This post is inspired by Momalom's 5 for 10 challenge. Or, if you're me, the 3 for 6 challenge.
A friend of mine from high school was here over the weekend. He's single, sans kids, and asked me a very good question.
"Do you feel like a different person, now that you're a mom?"
Thinking about it, I tried to pinpoint what, exactly has changed. And here it is. With two kids, there are five nos for every yes I can give myself. Here's what I want : to sit down by myself, drink tea, eat a snack, and type on my computer for ten minutes.
But: no, I can't do all of that in the available time. I choose one of those things to say yes to: the snack, say, or the tea. Or, right now, the computer.
I can choose a clean house or sleep. I can choose time to myself or time with my husband. I can choose exercise or laundry. I can choose writing or reading. TV or unloading the dishwasher. There are yesses, sometimes. However, I have to say no to myself far more often then I ever thought possible, back when "Mom" was my mother.
Saying no to myself was a nasty shock. And it was kind of a change, but the biggest change is this: I have gotten used to it. I no longer mind it. Not usually. Instead, I have joy in the yesses I can give myself--the half-hour nap, the sun in the morning while I read a psalm, the time carefully managed to pursue my dreams.
Saying yes is more meaningful when you know the hard shape of saying no so often.
6 comments:
I really identify with this.

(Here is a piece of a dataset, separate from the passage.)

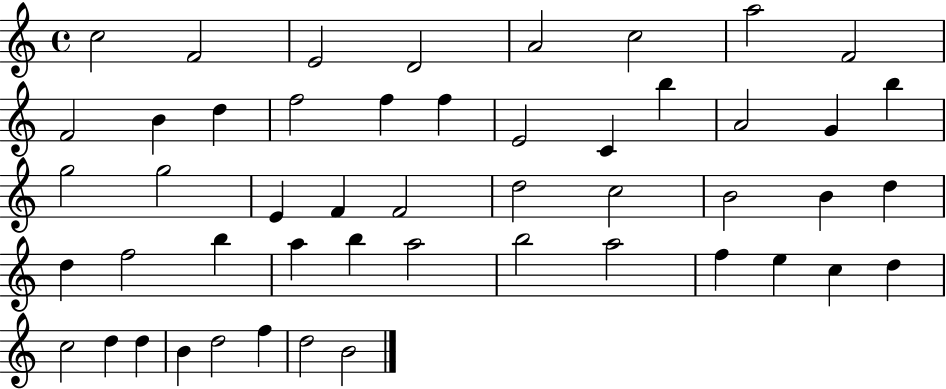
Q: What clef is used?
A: treble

Now i just need to get where you are and be a little better at saying "yes" to myself more often.
SO very true.
And even though parenting means saying "no" to yourself more often, it also makes you appreciate those "yes" moments more than you ever did before!
Coming from someone who never wanted kids. Finally having them was a huge eye opener for me.
Now that they are 15 & 20 I miss the old days when they were babies and often wonder what I was so afraid of.
So happy to have found you thru 5 for 10.
It's amazing how true this is - this having to say "no" to self, but not minding so much because the yes is so much more fulfilling. Thanks for a beautiful post!
~ MidnightCafe, here from Momalom
Thanks, all. I think my next challenge is simply remembering how to say yes to myself.
There are days when I get tired of saying no, but like you said, when you are able to say yes, either to yourself or your child, it seems to mean so much more now. I sometimes miss the days when there was no either or / yes or no, but I wouldn't trade the time with my girls.